Time delays and timed actions are implemented using counters or built-in timer functions:
// Example: Keep motor on for 5 seconds after button press
IF button_pressed THEN
motor = ON
wait(5000 ms)
motor = OFF
END IF
Polling vs. interrupts: A simple program checks the sensor every loop iteration (polling). More sophisticated programs use hardware interrupts that respond to a sensor event immediately, regardless of what else the program is doing.

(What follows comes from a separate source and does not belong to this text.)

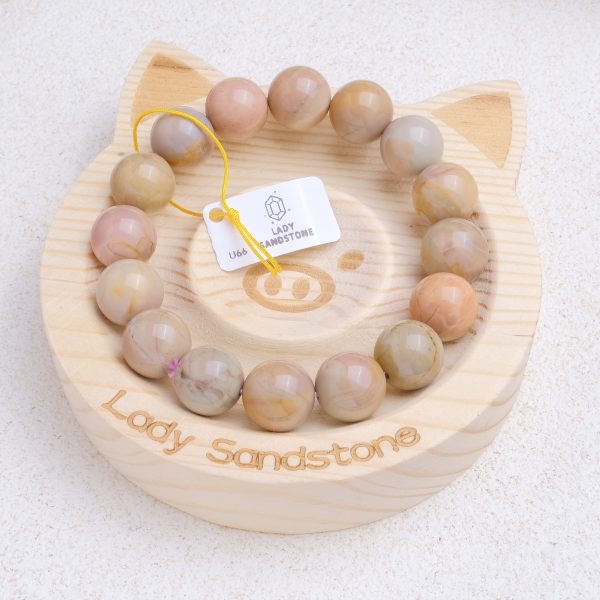 Yellow Oil Painting Alashan Agate Bracelet 12.8mm - Image 2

For systems with multiple distinct modes of operation, a state machine approach is cleaner than complex nested IF statements:
States: IDLE, STARTING, RUNNING, STOPPING, FAULT
state = IDLE
LOOP:
IF state == IDLE THEN
IF start_button THEN state = STARTING
ELSE IF state == STARTING THEN
motor = ON
timer = 0
state = RUNNING
ELSE IF state == RUNNING THEN
timer = timer + 1
IF timer > max_time THEN state = STOPPING
IF fault_detected THEN state = FAULT
ELSE IF state == STOPPING THEN
motor = OFF
state = IDLE
ELSE IF state == FAULT THEN
motor = OFF
alarm = ON
END IF
END LOOP
APPLICATION: State machine programming is used in real industrial systems, washing machines, traffic light controllers, and robotic systems. Understanding the concept — even if not required to implement it fully — demonstrates sophisticated engineering thinking in VCAA extended responses.

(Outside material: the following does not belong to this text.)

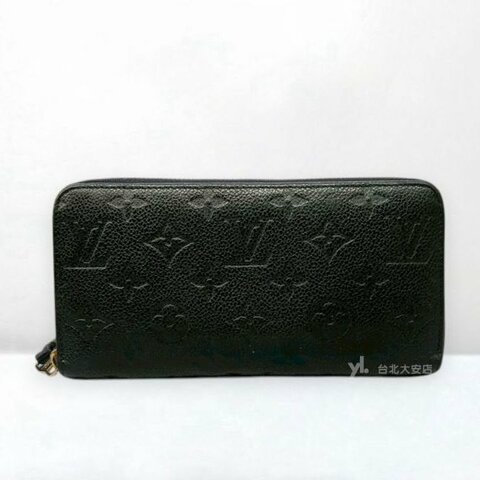 A13279-LV 黑色牛皮壓紋拉鍊長夾M61864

| Pattern | Pseudocode structure | Application |
|---|---|---|
| Threshold trigger | IF value > threshold THEN action | Temperature alarm, overspeed cut-out |
| Deadband | IF value > high THEN … IF value < low THEN … | Thermostat, hysteresis |
| Proportional output | output = Kp × (setpoint - measured) | Speed control, position control |
| Timed action | action ON; wait(T); action OFF | Timed relay, pulse output |
| Count accumulation | count++; IF count >= N THEN … | Batch counter, pulse counting |
| State machine | IF state == X THEN … | Multi-mode operation |
STUDY HINT: Practise translating written system descriptions into pseudocode and flowcharts. The key step is identifying: (1) what is measured (sensor variable), (2) the decision condition (threshold, comparison), and (3) the action taken (actuator state). Every control program reduces to this three-part structure.

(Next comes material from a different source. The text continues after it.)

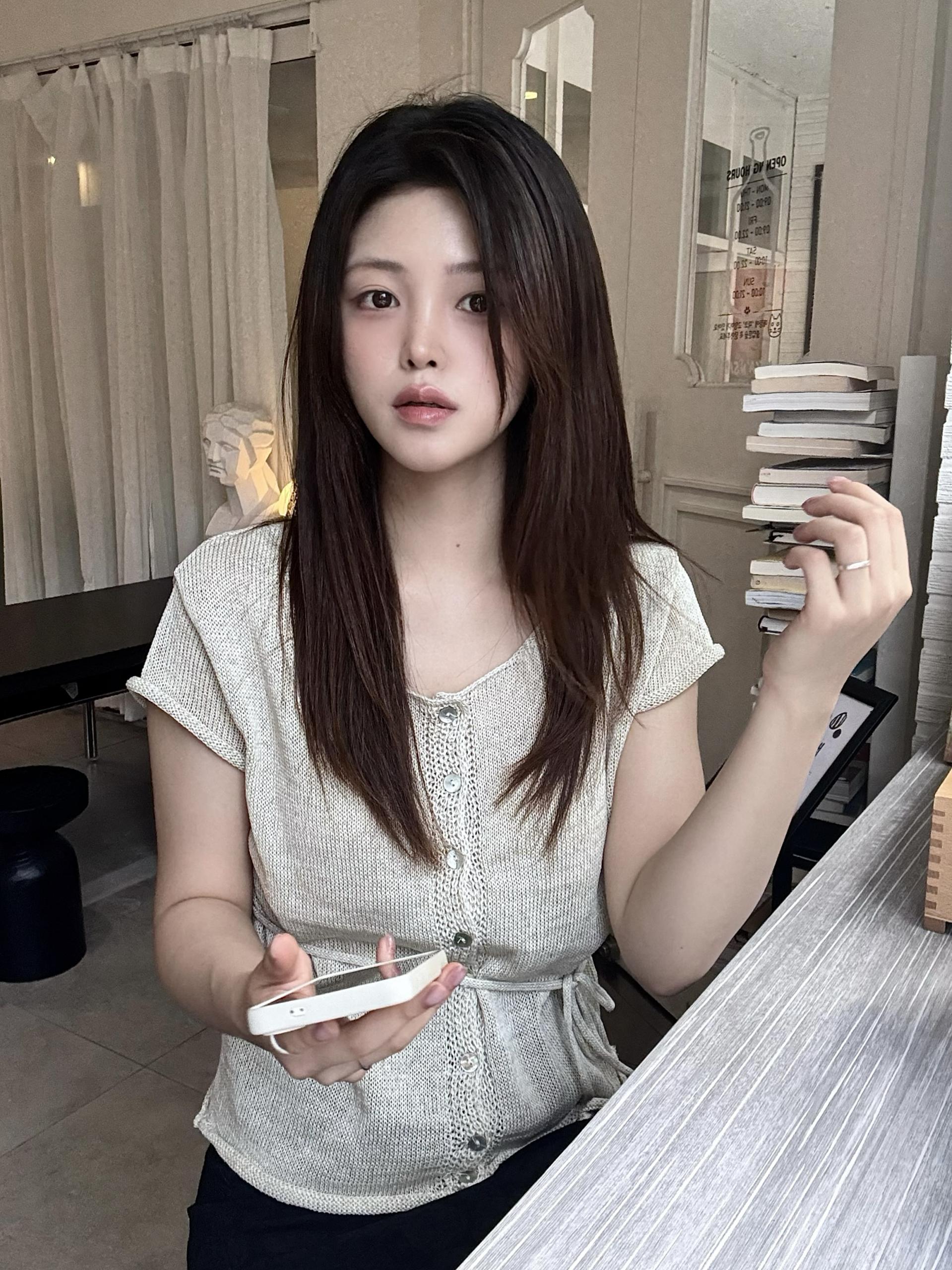 (당일발송) 안느 니트 반팔 가디건 - 3color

Flowchart description: System reads moisture sensor. If moisture < 300 (dry), turn on pump. If moisture ≥ 300 (wet), turn off pump. Repeat every 10 seconds.
Pseudocode:
SETUP:
pumpPin = OUTPUT
sensorPin = ANALOGUE INPUT
LOOP:
moisture = analogRead(sensorPin)
IF moisture < 300 THEN
digitalWrite(pumpPin, HIGH) // pump ON
ELSE
digitalWrite(pumpPin, LOW) // pump OFF
END IF
wait(10000 ms)
END LOOP
COMMON MISTAKE: Forgetting to turn the actuator OFF in the ELSE branch. If the condition is no longer met, the actuator must be explicitly deactivated — it does not turn off automatically just because the IF condition is false. Always include both ON and OFF states in the logic.